» Given information

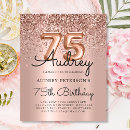 Search for rose 75th birthday invitations Elegant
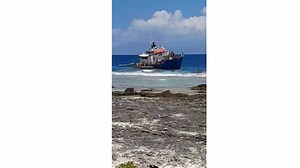 17K views · 319 reactions | BREAKING: A shipping vessel is stuck on a coral reef off the island of Manihiki after running aground late last night. Cook Islands News understands that there have been multiple failed efforts to remove the ship from the reef which was carrying cargo for Manihki and Penrhyn. | Cook Islands News | Facebook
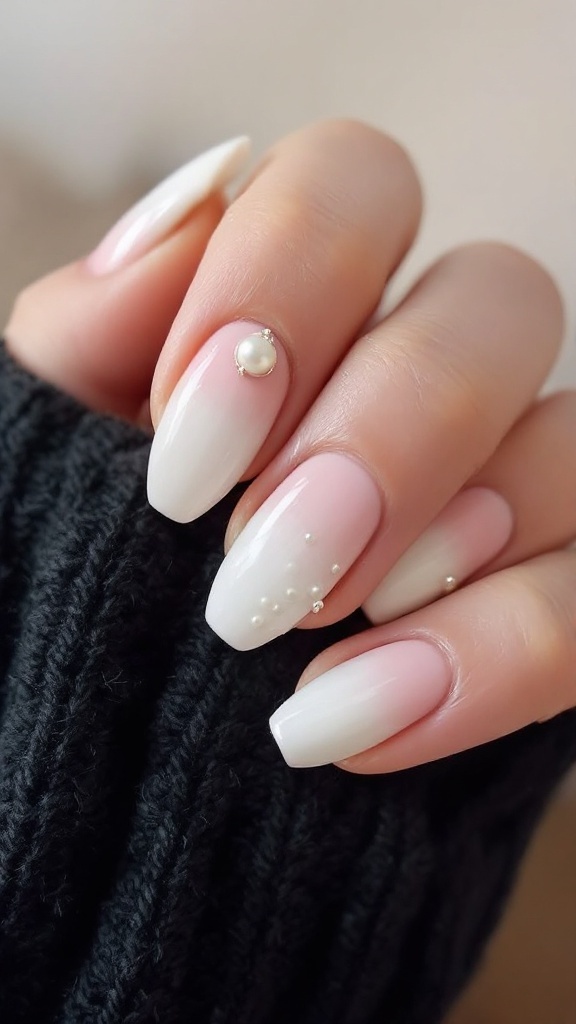 Nails with an ombre effect transitioning from white to pink, showcasing a pearl-like shine.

» Problem to solve
If the listing above includes images, copy every line of it exactly except those images.

» Solution to this exercise
 Search for rose 75th birthday invitations Elegant
 17K views · 319 reactions | BREAKING: A shipping vessel is stuck on a coral reef off the island of Manihiki after running aground late last night. Cook Islands News understands that there have been multiple failed efforts to remove the ship from the reef which was carrying cargo for Manihki and Penrhyn. | Cook Islands News | Facebook
 Nails with an ombre effect transitioning from white to pink, showcasing a pearl-like shine.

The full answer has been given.